⟨

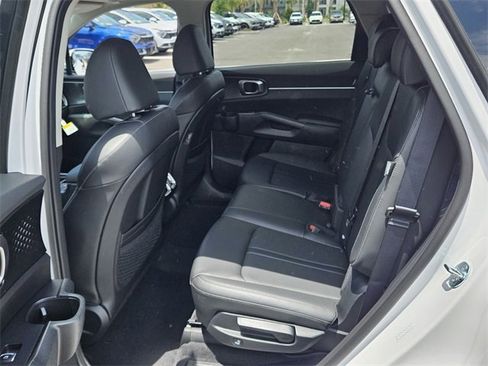 New 2025 Kia Sorento S w/ Panoramic Sunroof Package image 5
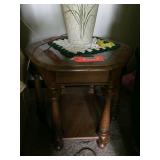 Glass top end table 21x21x21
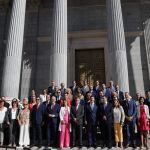 Foto de familia de Mañueco y los miembros del PP de Castilla y León a las puertas del Congreso de los Diputados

⟩

● **Task directions**:
In the listing, find the line with "Glass top end table 21x21x21" and retype exactly from there through the last line, both included, leaving the pictures out.

● **Solution for this problem**:
 Glass top end table 21x21x21
 Foto de familia de Mañueco y los miembros del PP de Castilla y León a las puertas del Congreso de los Diputados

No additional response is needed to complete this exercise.